| Panel grills alqaeda chiefs on 911 { May 12 2004 } Original Source Link: (May no longer be active) http://www.sfgate.com/cgi-bin/article.cgi?file=/c/a/2004/05/12/MNG296JVMJ1.DTLhttp://www.sfgate.com/cgi-bin/article.cgi?file=/c/a/2004/05/12/MNG296JVMJ1.DTL
9/11 panel grills al Qaeda chiefs Secret deal allows questioning of suspect pair held in custody Laura Sullivan, Baltimore Sun Wednesday, May 12, 2004 ©2004 San Francisco Chronicle | Feedback | FAQ
Washington -- At least two top al Qaeda leaders in U.S. custody are being questioned by the commission investigating the Sept. 11 terrorist attacks as part of the panel's quest to determine the root of the disaster and whether it could have been prevented.
Commission Vice Chairman Lee Hamilton said the panel has worked out a secret arrangement with the White House allowing members to pose questions to detainees, though he did not say what sort of answers, if any, they have received.
Although Hamilton would not identify the captives being questioned, he suggested they were Khalid Sheikh Mohammed and Ramzi bin Al-Shibh, the two accused masterminds of the 2001 attacks.
Hamilton would not elaborate, but he said the commission will include as much information as possible in the declassified version of the report due July 26.
"We have had a procedure in mind . . . whereby we are able to ask questions of these detainees, and that is still being processed and worked out, " he said. " . . . We think the result will be that we will have the information we need from these people."
Mohammed, al-Shibh and Abu Zubaida, a top lieutenant of Osama bin Laden, are being interrogated in secret locations outside the United States.
"One of the most closely held secrets is where these people are. We were told the president doesn't know where they are," Hamilton said.
He declined to say if the commission had also been granted access to transcripts of prior interviews with the detainees, but both he and commission Chairman Thomas Kean said the panel has not been denied access to any documents it sought.
Hamilton cautioned, however, that the responses they get from the detainees must be viewed with skepticism: "Keep in mind that one of the sub- judgments here is the credibility of that information."
Still, he added, "the 19 key players (the hijackers) are all dead and it means you have to reconstruct things through just gumshoe detective work."
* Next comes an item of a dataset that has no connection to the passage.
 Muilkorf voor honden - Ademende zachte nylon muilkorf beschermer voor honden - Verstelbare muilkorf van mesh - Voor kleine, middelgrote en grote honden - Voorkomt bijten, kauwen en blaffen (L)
Kean also said the commission staff has spoken to many people in Yemen, Saudi Arabia, Afghanistan, Pakistan and elsewhere. Staff members, he said, are "following the trail of the hijackers, and in the process they have gotten a number of interviews."
Hamilton said the scandal over the treatment of Iraqi prisoners held in the Abu Ghraib prison near Baghdad may hurt the U.S. war on terror.
"It is bound to be an effective recruiting tool for terrorist activities or al Qaeda," Hamilton said, adding that "in many respects the damage is done with the circulation of those pictures, which will be searing images of the United States across the world for many, many years to come."
The commissioners' remarks came as they headed to a private meeting with other commissioners and staff members to prepare for the panel's 11th public hearing scheduled for next Tuesday and Wednesday.
To be held in New York, the hearing will examine the local and federal responses to attacks that killed nearly 3,000 people at the World Trade Center, at the Pentagon and in western Pennsylvania on Sept. 11, 2001.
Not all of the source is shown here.